Like a fat girl loves cake …

Over the past several years I have formed a somewhat unhealthy addiction to king cake. It’s an affliction you can chalk up to loving “all things New Orleans,” but I think it also goes deeper than that. The mammoth brioche-like rolls heavily iced with purple, green and gold seem to embody this extraordinary time of year, a holiday that I have taken into my heart and held closer than Christmas, Easter and Halloween combined. It is a sugary-sweet representation of all that’s wondrous about New Orleans and the multitudes of variation only expound that fact. More than anything, king cake is about ritual, from waiting till January 6th for that first annual bite to the obligation one inevitably feels when the baby is discovered in their slice.

Twelfth Night, the official start of carnival (and king cake) season, is just around the corner and I shamefully admit that king cake has been on my mind. For the past several days, I’ve had an internal debate about which fabulous creation I want to eat first. Honestly, I’ve been driving John crazy!

Should I start the season off with a classic like this sublime gallette des rois I purchased from Gracious Bakery a couple of years ago? Those luscious layers of buttery puff pastry with almond cream are enough to make this fat girl sigh longingly for just one more slice.


Or perhaps I should hold out and see if Sucre will make another magical chocolate and gold king cake this year?


John and I both love the more traditional king cakes to be had from Dong Phuong Bakery, Maple Street Patisserie or Toast.


But I am always looking out for new, fanciful flavors like the Valrhona chocolate and caramel king cake Willa Jean made last year. This year’s flavor is Caramel Crunch with cream cheese frosting!


Or one of the many flavors Gracious Bakery puts out every year like a Meyer Lemon or this Nectar king cake.


The only thing I really know for sure is that I refuse to let a Mardi Gras slide by without a Chocolate King Cake from Bittersweet Confections.
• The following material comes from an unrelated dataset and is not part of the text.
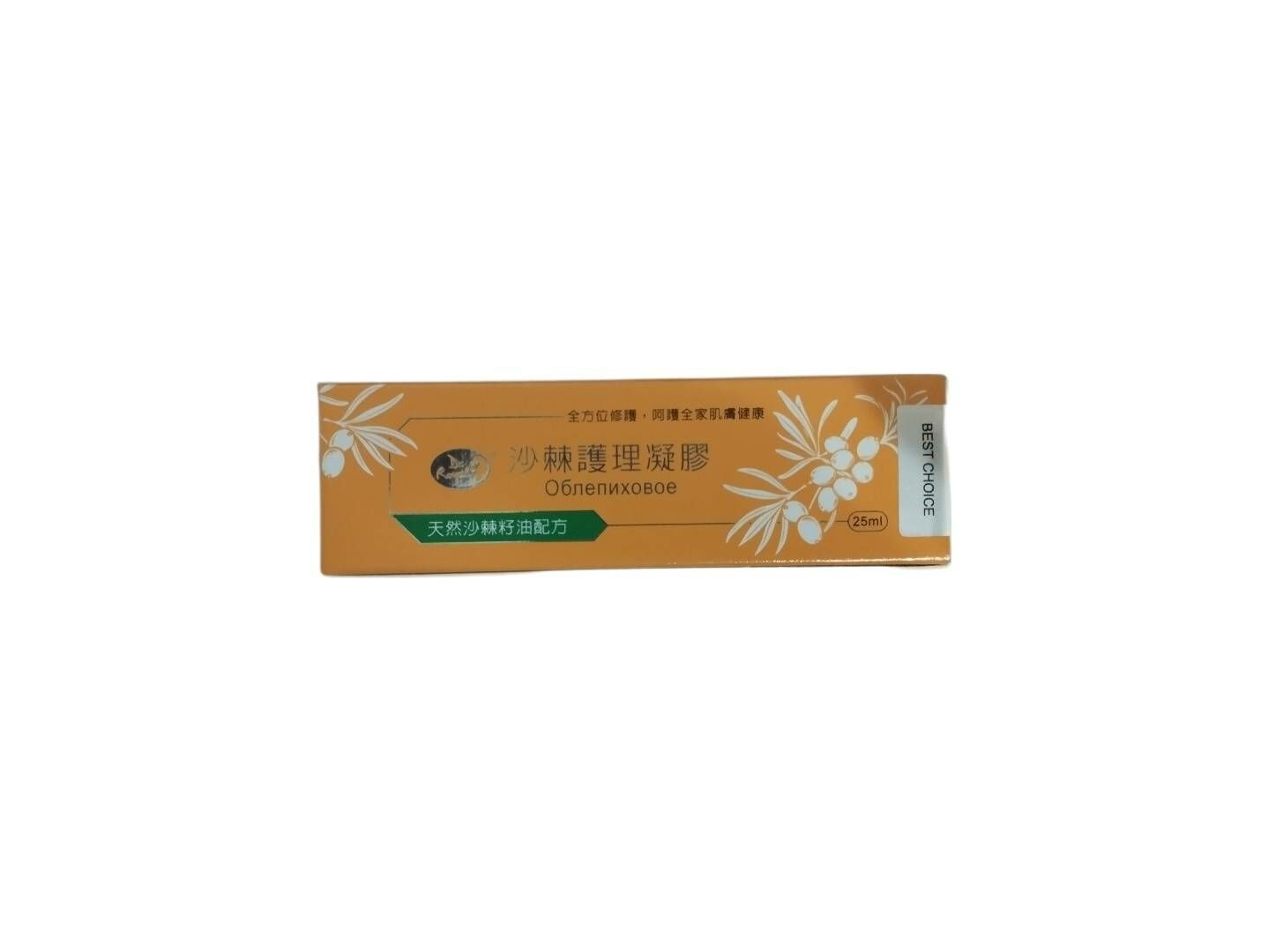 欣康喬-沙棘護理凝膠 15g/罐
The cakes I’ve mentioned only skim the surface of the bounty available every year. My mom (who will be coming all the way from the Bay Area to spend Mardi Gras with me this year) will most definitely want her favorite from Haydel’s, but what about Cake Cafe & Bakery’s goat cheese and apple? Cochon Butcher’s famous “Elvis” filled with peanut butter, banana and topped with house-cured bacon and marshmallow? The Cajun Bouille king cake from Bywater Bakery? Ahhhhrrrgghh!

I better make up my mind before Saturday. Which one would you choose?